[WHAT YOU NEED TO DO]
Retype the records in full, exactly as they stand.
########
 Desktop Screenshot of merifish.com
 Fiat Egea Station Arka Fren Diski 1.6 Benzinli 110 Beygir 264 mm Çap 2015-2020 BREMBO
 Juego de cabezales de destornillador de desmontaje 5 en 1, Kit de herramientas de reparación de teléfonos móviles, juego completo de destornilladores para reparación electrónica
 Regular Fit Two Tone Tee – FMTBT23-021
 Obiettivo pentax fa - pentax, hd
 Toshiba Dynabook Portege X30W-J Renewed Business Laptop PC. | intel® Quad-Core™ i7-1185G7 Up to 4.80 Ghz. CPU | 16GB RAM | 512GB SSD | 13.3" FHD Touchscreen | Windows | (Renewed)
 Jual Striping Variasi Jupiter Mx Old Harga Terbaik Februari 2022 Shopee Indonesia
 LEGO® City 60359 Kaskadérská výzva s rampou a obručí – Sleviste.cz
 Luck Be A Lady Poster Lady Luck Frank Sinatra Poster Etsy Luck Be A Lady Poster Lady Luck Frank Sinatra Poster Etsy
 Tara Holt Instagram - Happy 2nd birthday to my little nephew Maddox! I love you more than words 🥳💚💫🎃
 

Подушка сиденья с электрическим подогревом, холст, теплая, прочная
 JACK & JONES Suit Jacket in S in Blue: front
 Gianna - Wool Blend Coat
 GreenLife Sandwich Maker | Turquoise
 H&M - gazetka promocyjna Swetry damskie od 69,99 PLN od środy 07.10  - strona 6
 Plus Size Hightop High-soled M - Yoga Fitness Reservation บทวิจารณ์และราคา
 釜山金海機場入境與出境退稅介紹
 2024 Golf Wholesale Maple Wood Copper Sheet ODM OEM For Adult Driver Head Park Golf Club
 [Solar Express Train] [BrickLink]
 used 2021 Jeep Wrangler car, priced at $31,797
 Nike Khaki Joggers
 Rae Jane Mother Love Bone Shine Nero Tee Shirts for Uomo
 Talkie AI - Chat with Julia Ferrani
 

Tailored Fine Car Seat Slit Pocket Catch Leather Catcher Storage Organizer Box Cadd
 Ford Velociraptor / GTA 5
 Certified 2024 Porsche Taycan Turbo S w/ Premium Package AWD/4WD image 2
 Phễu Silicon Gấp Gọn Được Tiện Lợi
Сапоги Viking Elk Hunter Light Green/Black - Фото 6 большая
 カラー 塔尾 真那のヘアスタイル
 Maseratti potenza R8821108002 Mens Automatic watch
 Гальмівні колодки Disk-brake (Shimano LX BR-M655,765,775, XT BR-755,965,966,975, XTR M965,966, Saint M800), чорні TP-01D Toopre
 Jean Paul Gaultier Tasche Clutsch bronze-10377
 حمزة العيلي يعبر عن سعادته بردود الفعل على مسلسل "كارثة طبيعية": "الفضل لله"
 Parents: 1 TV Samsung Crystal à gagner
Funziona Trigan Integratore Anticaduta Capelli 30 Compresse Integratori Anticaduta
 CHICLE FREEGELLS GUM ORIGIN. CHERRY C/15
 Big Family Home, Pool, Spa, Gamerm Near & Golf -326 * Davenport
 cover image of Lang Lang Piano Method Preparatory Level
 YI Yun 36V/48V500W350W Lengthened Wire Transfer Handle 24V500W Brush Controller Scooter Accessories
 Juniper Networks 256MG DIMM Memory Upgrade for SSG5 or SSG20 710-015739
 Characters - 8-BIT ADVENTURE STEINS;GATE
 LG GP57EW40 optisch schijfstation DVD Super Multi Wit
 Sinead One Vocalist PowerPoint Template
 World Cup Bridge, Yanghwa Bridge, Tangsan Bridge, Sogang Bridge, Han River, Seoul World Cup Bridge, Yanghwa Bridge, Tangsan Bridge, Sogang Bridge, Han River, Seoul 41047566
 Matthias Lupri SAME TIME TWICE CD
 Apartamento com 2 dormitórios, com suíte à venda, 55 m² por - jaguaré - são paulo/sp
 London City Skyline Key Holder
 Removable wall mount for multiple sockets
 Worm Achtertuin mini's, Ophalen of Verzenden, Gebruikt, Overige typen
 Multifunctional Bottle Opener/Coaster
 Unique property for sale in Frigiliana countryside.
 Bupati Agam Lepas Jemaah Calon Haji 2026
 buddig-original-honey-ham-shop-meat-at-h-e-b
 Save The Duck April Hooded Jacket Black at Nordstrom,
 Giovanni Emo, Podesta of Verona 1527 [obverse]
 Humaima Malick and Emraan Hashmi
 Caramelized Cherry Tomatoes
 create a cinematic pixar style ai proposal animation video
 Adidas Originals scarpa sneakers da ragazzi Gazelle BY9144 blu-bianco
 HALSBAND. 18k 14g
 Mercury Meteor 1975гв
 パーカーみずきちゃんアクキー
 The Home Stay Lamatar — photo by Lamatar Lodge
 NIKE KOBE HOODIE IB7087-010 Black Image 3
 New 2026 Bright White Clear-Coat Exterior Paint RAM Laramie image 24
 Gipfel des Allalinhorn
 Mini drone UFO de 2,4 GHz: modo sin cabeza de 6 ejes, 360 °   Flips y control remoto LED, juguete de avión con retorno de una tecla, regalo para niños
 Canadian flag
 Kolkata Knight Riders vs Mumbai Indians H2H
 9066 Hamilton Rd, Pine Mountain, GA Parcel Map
########
[SOLUTION TO THIS TASK]
 Desktop Screenshot of merifish.com
 Fiat Egea Station Arka Fren Diski 1.6 Benzinli 110 Beygir 264 mm Çap 2015-2020 BREMBO
 Juego de cabezales de destornillador de desmontaje 5 en 1, Kit de herramientas de reparación de teléfonos móviles, juego completo de destornilladores para reparación electrónica
 Regular Fit Two Tone Tee – FMTBT23-021
 Obiettivo pentax fa - pentax, hd
 Toshiba Dynabook Portege X30W-J Renewed Business Laptop PC. | intel® Quad-Core™ i7-1185G7 Up to 4.80 Ghz. CPU | 16GB RAM | 512GB SSD | 13.3" FHD Touchscreen | Windows | (Renewed)
 Jual Striping Variasi Jupiter Mx Old Harga Terbaik Februari 2022 Shopee Indonesia
 LEGO® City 60359 Kaskadérská výzva s rampou a obručí – Sleviste.cz
 Luck Be A Lady Poster Lady Luck Frank Sinatra Poster Etsy Luck Be A Lady Poster Lady Luck Frank Sinatra Poster Etsy
 Tara Holt Instagram - Happy 2nd birthday to my little nephew Maddox! I love you more than words 🥳💚💫🎃
 

Подушка сиденья с электрическим подогревом, холст, теплая, прочная
 JACK & JONES Suit Jacket in S in Blue: front
 Gianna - Wool Blend Coat
 GreenLife Sandwich Maker | Turquoise
 H&M - gazetka promocyjna Swetry damskie od 69,99 PLN od środy 07.10  - strona 6
 Plus Size Hightop High-soled M - Yoga Fitness Reservation บทวิจารณ์และราคา
 釜山金海機場入境與出境退稅介紹
 2024 Golf Wholesale Maple Wood Copper Sheet ODM OEM For Adult Driver Head Park Golf Club
 [Solar Express Train] [BrickLink]
 used 2021 Jeep Wrangler car, priced at $31,797
 Nike Khaki Joggers
 Rae Jane Mother Love Bone Shine Nero Tee Shirts for Uomo
 Talkie AI - Chat with Julia Ferrani
 

Tailored Fine Car Seat Slit Pocket Catch Leather Catcher Storage Organizer Box Cadd
 Ford Velociraptor / GTA 5
 Certified 2024 Porsche Taycan Turbo S w/ Premium Package AWD/4WD image 2
 Phễu Silicon Gấp Gọn Được Tiện Lợi
Сапоги Viking Elk Hunter Light Green/Black - Фото 6 большая
 カラー 塔尾 真那のヘアスタイル
 Maseratti potenza R8821108002 Mens Automatic watch
 Гальмівні колодки Disk-brake (Shimano LX BR-M655,765,775, XT BR-755,965,966,975, XTR M965,966, Saint M800), чорні TP-01D Toopre
 Jean Paul Gaultier Tasche Clutsch bronze-10377
 حمزة العيلي يعبر عن سعادته بردود الفعل على مسلسل "كارثة طبيعية": "الفضل لله"
 Parents: 1 TV Samsung Crystal à gagner
Funziona Trigan Integratore Anticaduta Capelli 30 Compresse Integratori Anticaduta
 CHICLE FREEGELLS GUM ORIGIN. CHERRY C/15
 Big Family Home, Pool, Spa, Gamerm Near & Golf -326 * Davenport
 cover image of Lang Lang Piano Method Preparatory Level
 YI Yun 36V/48V500W350W Lengthened Wire Transfer Handle 24V500W Brush Controller Scooter Accessories
 Juniper Networks 256MG DIMM Memory Upgrade for SSG5 or SSG20 710-015739
 Characters - 8-BIT ADVENTURE STEINS;GATE
 LG GP57EW40 optisch schijfstation DVD Super Multi Wit
 Sinead One Vocalist PowerPoint Template
 World Cup Bridge, Yanghwa Bridge, Tangsan Bridge, Sogang Bridge, Han River, Seoul World Cup Bridge, Yanghwa Bridge, Tangsan Bridge, Sogang Bridge, Han River, Seoul 41047566
 Matthias Lupri SAME TIME TWICE CD
 Apartamento com 2 dormitórios, com suíte à venda, 55 m² por - jaguaré - são paulo/sp
 London City Skyline Key Holder
 Removable wall mount for multiple sockets
 Worm Achtertuin mini's, Ophalen of Verzenden, Gebruikt, Overige typen
 Multifunctional Bottle Opener/Coaster
 Unique property for sale in Frigiliana countryside.
 Bupati Agam Lepas Jemaah Calon Haji 2026
 buddig-original-honey-ham-shop-meat-at-h-e-b
 Save The Duck April Hooded Jacket Black at Nordstrom,
 Giovanni Emo, Podesta of Verona 1527 [obverse]
 Humaima Malick and Emraan Hashmi
 Caramelized Cherry Tomatoes
 create a cinematic pixar style ai proposal animation video
 Adidas Originals scarpa sneakers da ragazzi Gazelle BY9144 blu-bianco
 HALSBAND. 18k 14g
 Mercury Meteor 1975гв
 パーカーみずきちゃんアクキー
 The Home Stay Lamatar — photo by Lamatar Lodge
 NIKE KOBE HOODIE IB7087-010 Black Image 3
 New 2026 Bright White Clear-Coat Exterior Paint RAM Laramie image 24
 Gipfel des Allalinhorn
 Mini drone UFO de 2,4 GHz: modo sin cabeza de 6 ejes, 360 °   Flips y control remoto LED, juguete de avión con retorno de una tecla, regalo para niños
 Canadian flag
 Kolkata Knight Riders vs Mumbai Indians H2H
 9066 Hamilton Rd, Pine Mountain, GA Parcel Map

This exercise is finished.